Ipocondria: forse ho qualcosa di brutto

 

Ipocondria ansia

Hai spesso e volentieri paura di avere una grave malattia? Passi interi quarti d’ora a toccarti le ghiandole del collo, te le senti gonfie e poi esclami con sicurezza: “mi sa che ho qualcosa di brutto!”… Bhe allora è molto più probabile che tu sia una persona ipocondriaca, soffri di un disturbo chiamato ipocondria.

Una persona che soffre d’ipocondria pensa continuamente di essere gravemente malato, nonostante tutte le adeguate valutazioni mediche e le rassicurazioni sulla sua ottima salute. Una persona con ipocondria pensa  che funzioni fisiche normali come battiti del cuore, sudorazione e movimenti intestinali siano i sintomi di una grave malattia o di una condizione seria di salute. Anche piccoli disturbi, come il naso che cola, linfonodi leggermente gonfi o un piccolo mal di testa vengono subito interpretati come sintomi di qualcosa di grave; invece si sbaglia, sono i sintomi dell’ipocondria.

La persona con ipocondria utilizza frasi vaghe come:

“Mi sento le vene stanche” oppure “ho mal di fegato “. Infatti non è raro che le persone ipocondriache si concentrino su un organo in particolare, come i polmoni, il cuore o su malattie molto gravi come il cancro.  Sebbene dopo analisi accurate le loro supposizioni risultino errate, la loro ansia continua ad essere elevata e il loro desiderio di avere più attenzioni fisiche aumenta.

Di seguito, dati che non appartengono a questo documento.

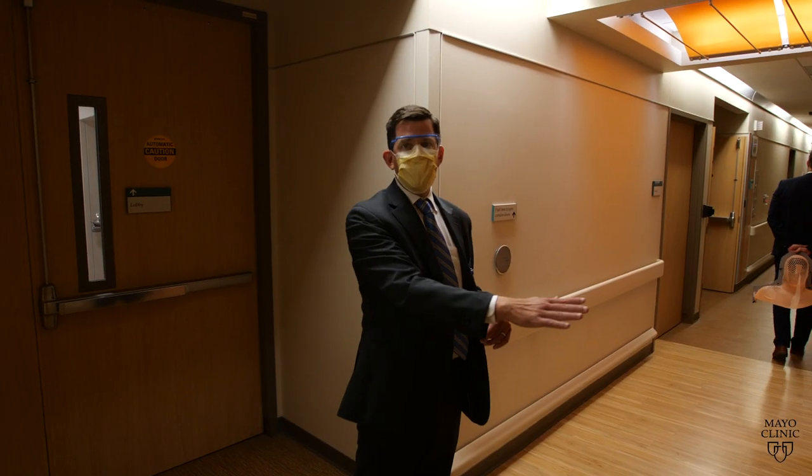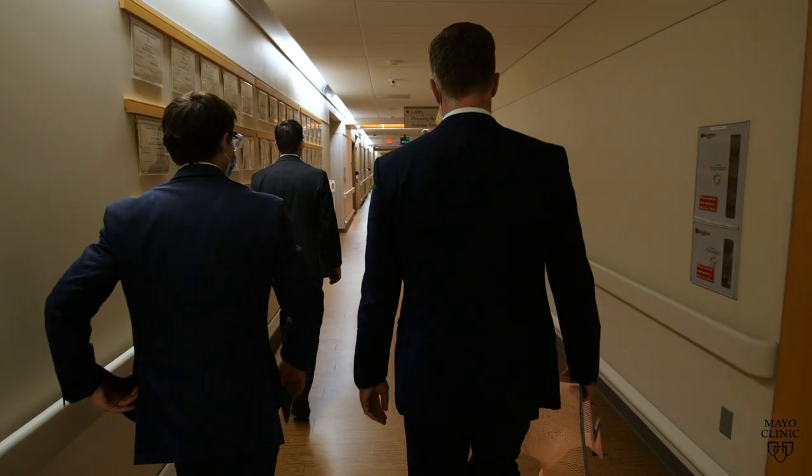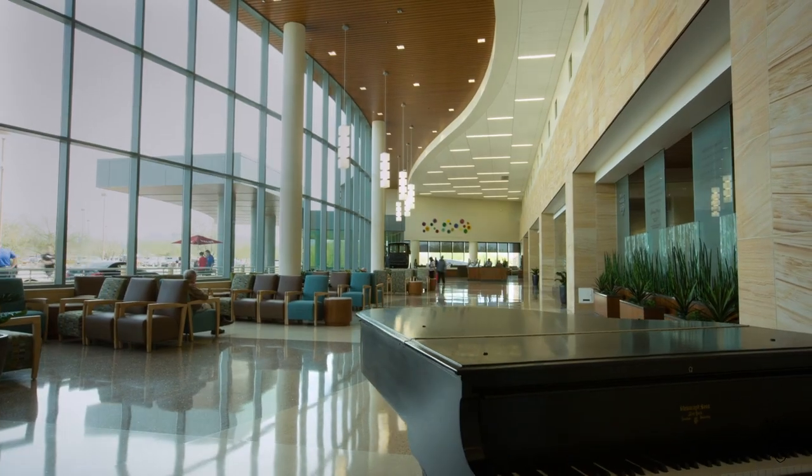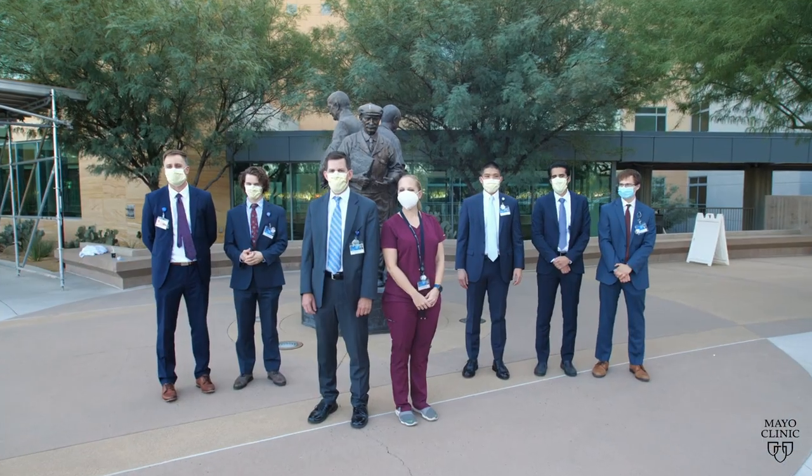Working with a great team of surgeons, medical oncologists, radiologists, and pathologists not only makes it enjoyable but also very satisfying to know that you can give our patients really the top level of care. That is transmitted to our learners who get to work in that environment, model that behavior, and are treated as full members of the team.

Non si hanno ancora numeri precisi di quanti nel Mondo soffrino d’ipocondria. Chi soffre di questo disturbo psicologico di solito vede il suo medico di Medicina Generale, piuttosto che un professionista che si occupi di salute mentale, ed è per questo che diventa difficile diagnosticare l’ipocondria come disturbo primario. Si stima che tra l’1% e il 7% della popolazione adulta dei Paesi sviluppati soffra di ipocondria. Uomini e donne soffrono d’ipocondria in misura uguale.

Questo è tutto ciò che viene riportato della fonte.